2. There is another WIP interface change to introduce a WindowedKTable<K,
V> as an alias of KTable<Windowed<K>, V> for a different purpose of adding
some functions only allowed for windowed table. I'm wondering with this
interface class if we can work around the Java "method has same erasure"
error with the same function name? This is just a wild thought, and I think
if we ended up adding `Windowed` into the parameters it may not matter
about the signature anyways.


3. This is just a question about your use case: it seems in your scenarios,
you will materialize the window store twice in your topology: first time
when you generate the windowed KTable from an windowed aggregation
operator, the aggregation result i.e. the KTable<Windowed<K>, V> is already
materialized into a store, and then when you pipe the changelog of this
windowed KTable through an intermediate topic, and read from this topic to
form a KTable<Windowed<K>, V>, you will materialize this store again, and
the two materialized state stores will contain completely the same data.
Have you thought about whether you really need to materialize it twice?


Guozhang



On Sun, Jun 10, 2018 at 3:04 PM, Matthias J. Sax <ma...@confluent.io>
wrote:

> Thanks lot for the KIP. The general idea to allow reading
> windowed-KTables is very useful!
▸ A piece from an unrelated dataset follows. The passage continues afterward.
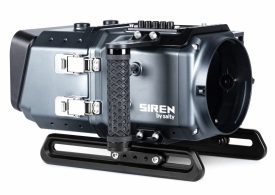 Screenshot 2025 05 15 at 16 24 27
Couple of initial comments/question:
>
>
>
> About only adding a single `windowedTable()` with no overloads:
>
>  - retention time is no mandatory parameter and we can always use the
> default of 1 day
>
>  - instead of enforcing both, Consumed and Materialized, we could also
> extend WindowedSerde to exposed its wrapped key-Serde; thus, if a user
> passes in `WindowedSerde` the inner key-serde can be extracted and users
> do not need to pass in the key-Serde explicitly.
>
>  - while I agree that we need to pass in the window-size parameter, I am
> not sure if using Materialized is the best way to do this; it seems that
> window-size is the only mandatory parameter, thus we might be able to
> pass it directly and thus allow to make `Consumed` and `Materialized`
> optional. Something like:
>
> > windowedTable(String topicName, long windowSizeMs);
>
> As an (maybe better) alternative, we could also introduce a public
> `Windowed` interface similar to `Produced`, `Consumed`, `Materialized`
> etc that we us to pass in window parameters. Or maybe reuse the existing
> `Windows` class (ie, the same definition that is used in
> KGroupStream#windowedBy() can be passed into the new `windowedTable()`
> method.
>
>
>
> I also noticed, that the KIP only covers TimesWindows. Should we extend
> it to cover SessionWindows, too?
>
>
>
> > One side effect is that we bring `ChangeLoggingWindowBytesStore`
> public for unit test purpose.
>
> No need to mention this, because this class in in package "internals"
> and not part of public API.
>
>
>
>
> -Matthias
>
>
>
> On 5/24/18 10:39 PM, Boyang Chen wrote:
> > Hey friends,
> >
> >
> > I know this is critical time for the 2.0 release. Just want to call out
> again for further review on the API format. Any feedback would be
> appreciated, thank you!
> >
> >
> > Boyang
> >
> > ________________________________
> > From: Liquan Pei <li...@gmail.com>
> > Sent: Tuesday, May 22, 2018 4:29 AM
> > To: dev@kafka.apache.org
> > Subject: Re: [DISCUSSION] KIP-300: Add Windowed KTable API in
> StreamsBuilder
> >
> > This KIP makes sharing a WindowedKTable among Kafka Stream jobs very
> easy.
> > It would be nice to get this into trunk soon.
> >
> > Best,
> > Liquan
> >
> > On Mon, May 21, 2018 at 12:25 PM, Boyang Chen <bc...@outlook.com>
> wrote:
> >
> >> Hey all,
> >>
> >>
> >> I would like to start a discussion thread on KIP 300, which introduces a
> >> new API called windowedTable() in StreamsBuilder:
> >>
> >> https://cwiki.apache.org/confluence/display/KAFKA/KIP-
> >> 300%3A+Add+Windowed+KTable+API+in+StreamsBuilder
> >>
> >>
> >> The pull request I'm working on is here: https://github.com/apache/
> >> kafka/pull/5044
> >>
> >>
> >> I understood that the community is busy working on 2.0 release, but this
> >> KIP is really important for our internal use case. So if any of you got
> >> time, please focus on clarifying the use case and reaching the
> agreement of
> >> API. Really appreciate your time!
> >>
> >>
> >> Best,
> >>
> >> Boyang
> >>
> >>
> >>
> >
> >
> > --
> > Liquan Pei
> > Software Engineer, Confluent Inc
> >
>
>


-- 
-- Guozhang